MATERIAL SUPPLIED
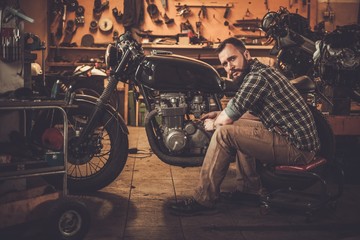 Mechanic building vintage style cafe-racer motorcycle 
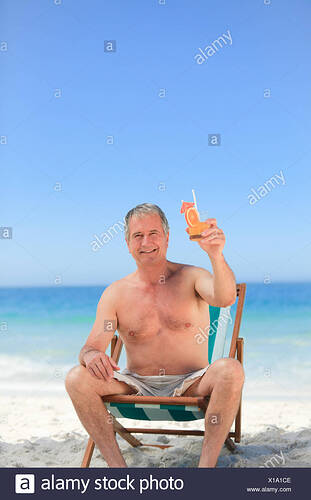 senior-man-drinking-a-cocktail-on-the-beach-X1A1CE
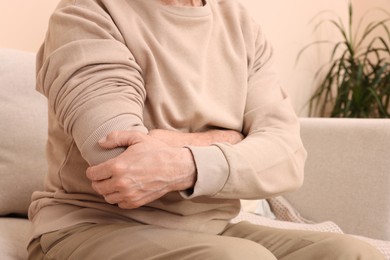 Senior man suffering from pain in his hand at home, closeup. Arthritis symptoms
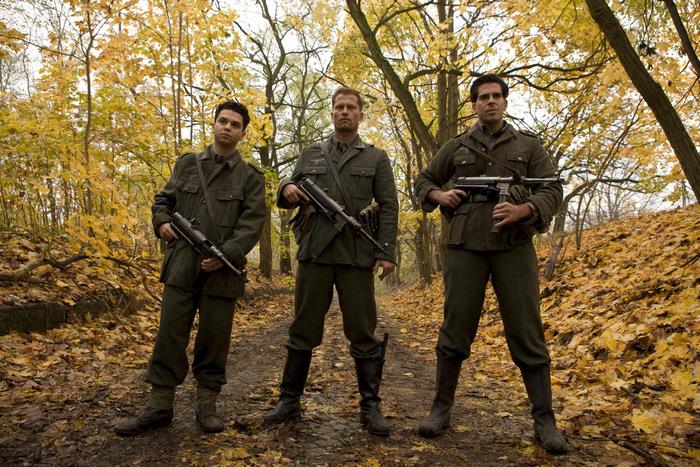 Three soldiers with submachine guns in a forest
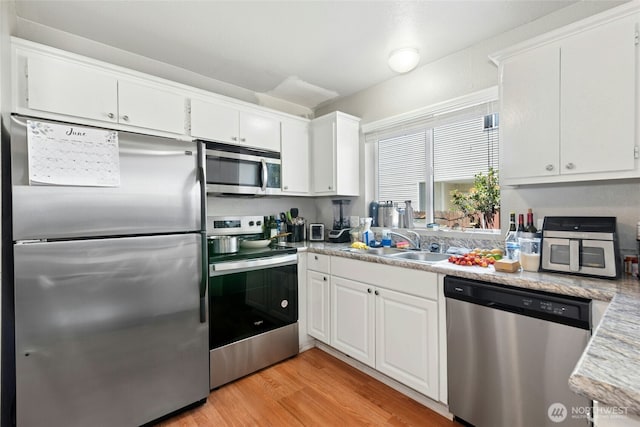 10421 19th Ave SE, Everett, WA 98208 - kitchen featuring appliances with stainless steel finishes, white cabinetry, light wood-type flooring, and light countertops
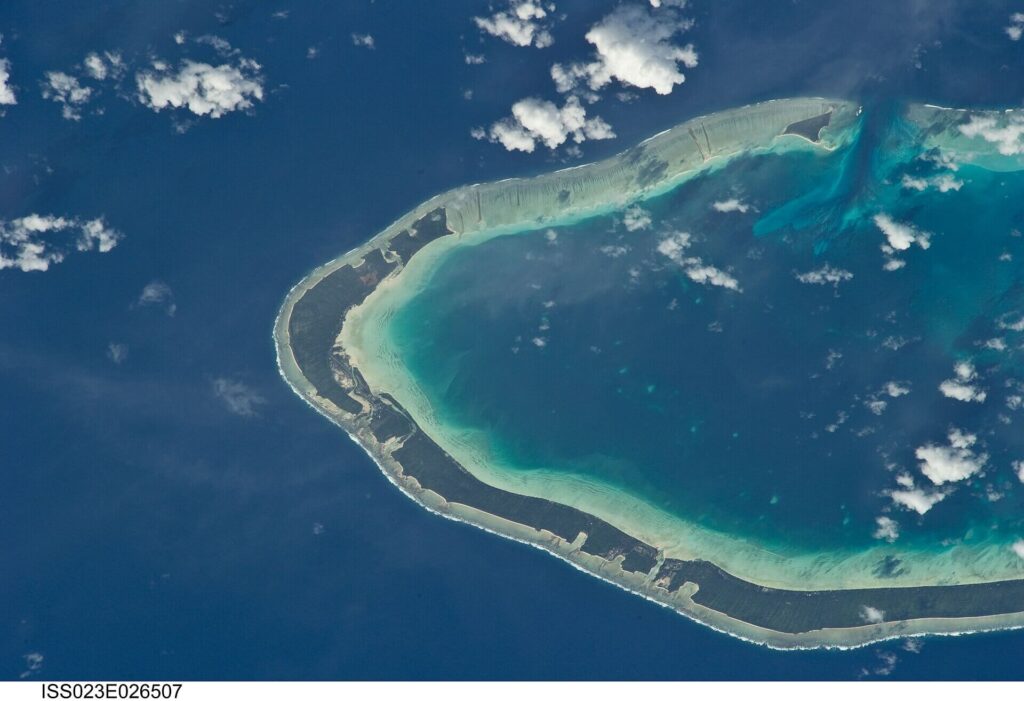 Aerial view of Abemama in Kiribati showing tropical islands, turquoise lagoons, white sandy shorelines and surrounding Pacific Ocean waters.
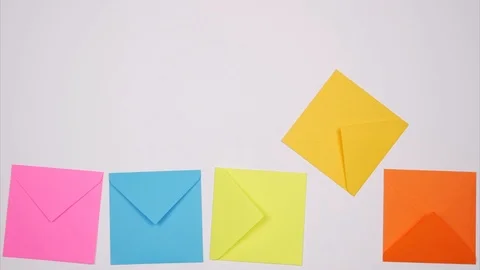 Multicolored envelopes fall from top to bottom. Stop motion Stock Footage 102625623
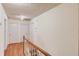 Upstairs hallway with hardwood flooring, white doors, and wood trim at 692 W Union Grove Cir, Auburn, GA 30011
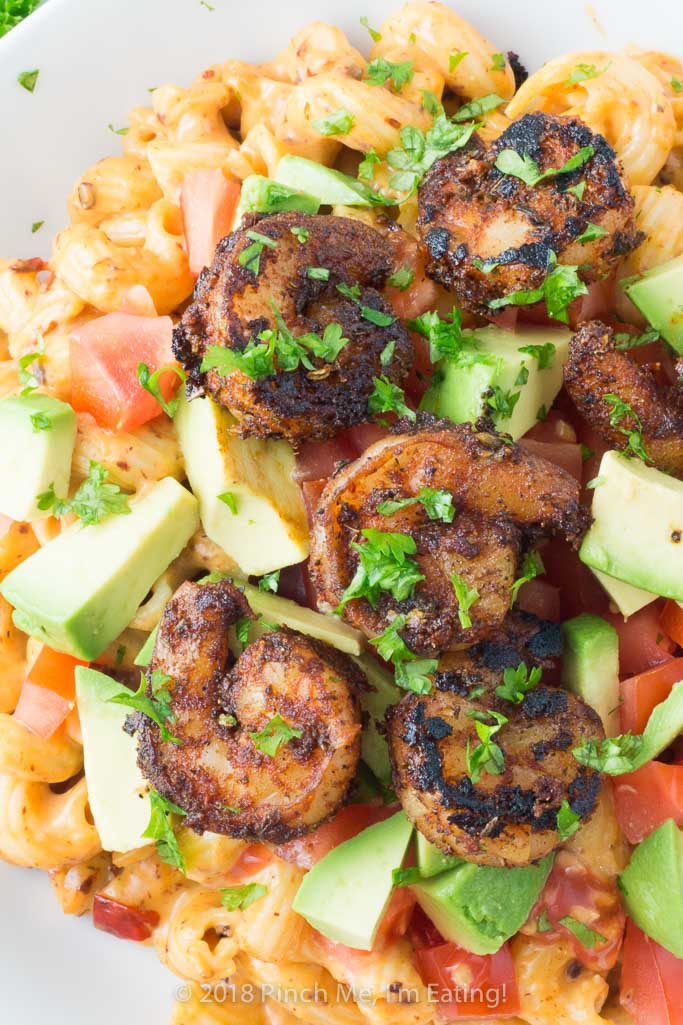 Closeup shot of chipotle macaroni and cheese with blackened shrimp, tomato and avocado in white bowl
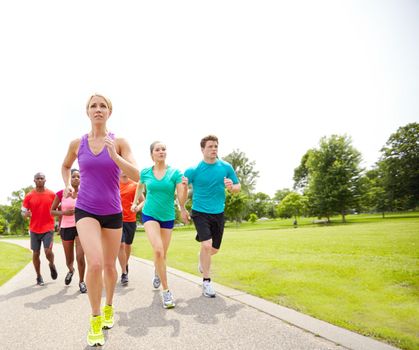 Promoting a healthy habit. Front view of a group of male and female athletes running on an outdoor track.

TASK REQUIREMENTS
The last line of the entries marks the end, and the line with "Multicolored envelopes fall" marks the start. Output exactly those two lines and every line between them, nothing else, with the pictures left out.

SOLUTION
 Multicolored envelopes fall from top to bottom. Stop motion Stock Footage 102625623
 Upstairs hallway with hardwood flooring, white doors, and wood trim at 692 W Union Grove Cir, Auburn, GA 30011
 Closeup shot of chipotle macaroni and cheese with blackened shrimp, tomato and avocado in white bowl
 Promoting a healthy habit. Front view of a group of male and female athletes running on an outdoor track.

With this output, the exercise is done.